Three files of the same photo. The one on the left is 1.23MB and 300p, the one in the middle is optimised for web use by Photoshop at 72ppi at 63KB and the one on the right is 72ppi but bigger at
At this size there is little to choose between them. The 72ppi images seem slightly more luminous. Of course, the advantage of using small images is that they load much faster.
The photo is a piece of fossilised shell I found down on the beach where a massive chalk rockfall is being gradually eroded by the sea down into a solution of chalk and flint shingle.
The shell is part of an inoceramid bivalve that lived in the warm seas that created the chalk about 80 million years ago. These bivalves were the clams and mussels of their day and could be a metre across.
These huge shells were often colonised by oysters and are sometimes found with the remains of fossilised pearls attached. There are some marks on the shell fragment I found to suggest
something was attached to it.
Below is a piece of flint with fossilised shell fragments embedded in it. The flint must have formed around the bivalve shell. How does that happen, then?

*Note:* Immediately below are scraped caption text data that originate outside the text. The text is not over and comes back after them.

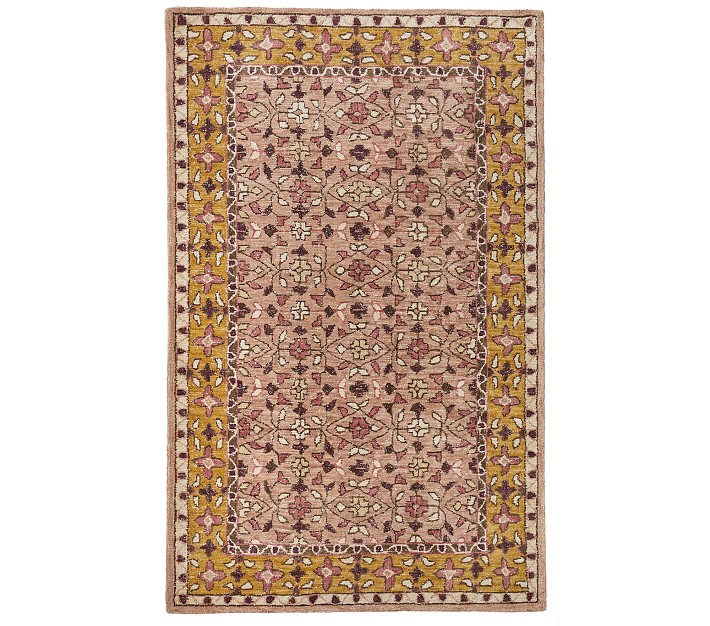 Ashlee Tufted Wool Rug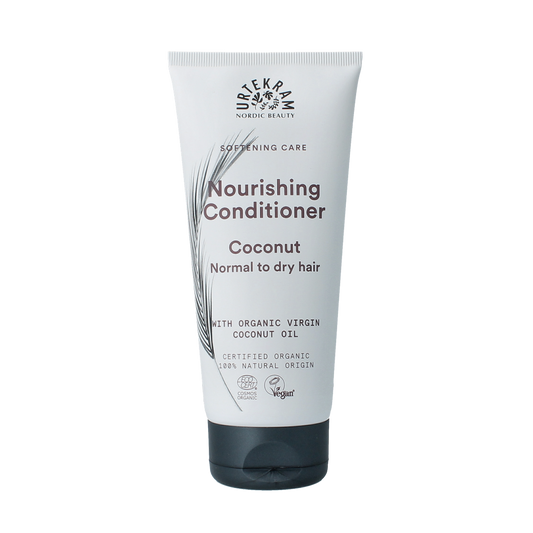 Urtekram Conditioner kokosnoot 180.00 Milliliter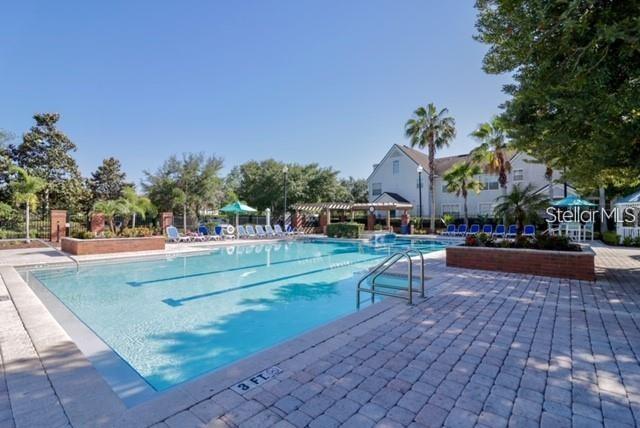3432 WESTCHESTER SQUARE BLVD #101, ORLANDO, FL, 32835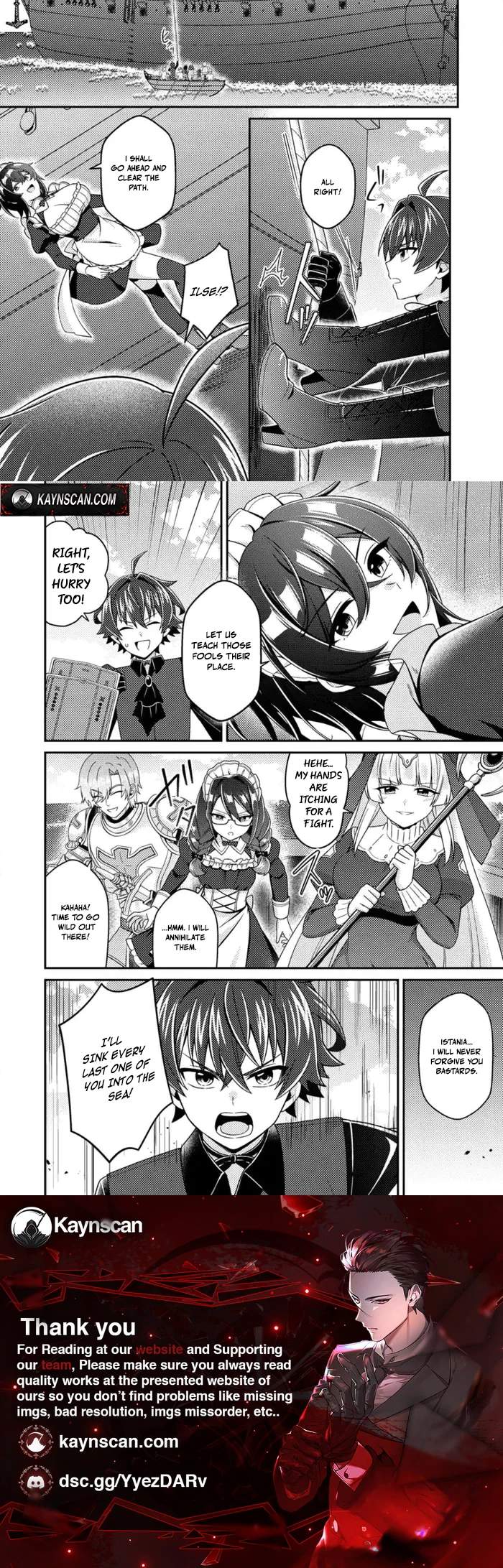 Counterattack of the Ugly Orcs Chapter 19-eng-li - Page 7
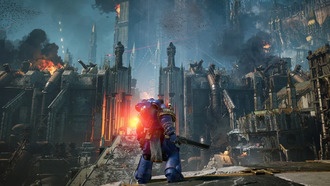 Создатели Warhammer 40,000: Space Marine 2 рассказали о фоторежиме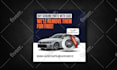 design automotive ad flyers custom flyers car ads car flyers brochure car banner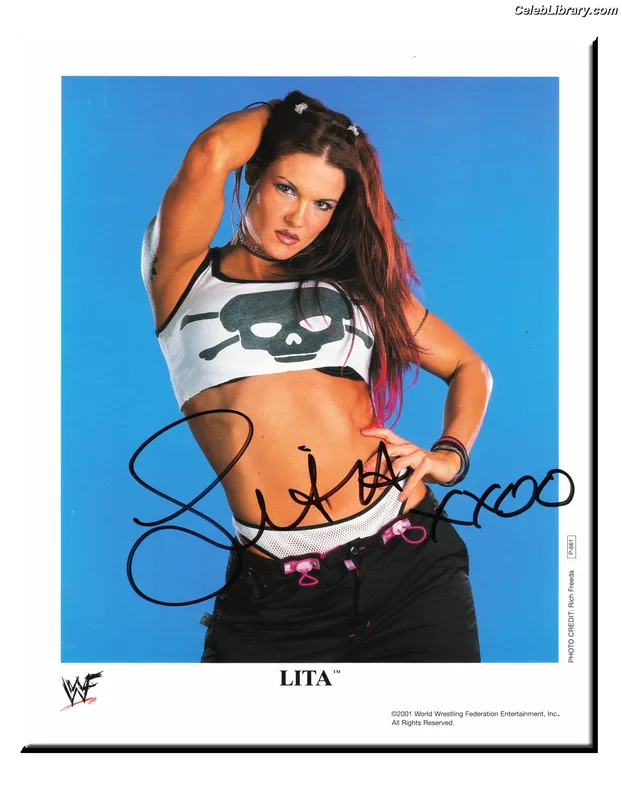 Amy Dumas (Lita) photo 6 of 1011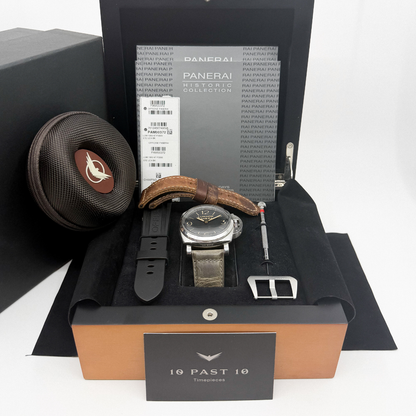 Panerai Luminor 1950 3 Days PAM 372 (2012)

'Although flint is inorganic, the silica that formed it was originally sourced from the remains of sea sponges and siliceous planktonic micro-organisms (diatoms, radiolarians). Flints are
concretions that grew within the sediment after its deposition by the precipitation of silica; filling burrows/cavities and enveloping the remains of marine creatures, before dehydrating and
hardening into the microscopic quartz crystals which constitute flint' (see Discovering Fossils: Dover).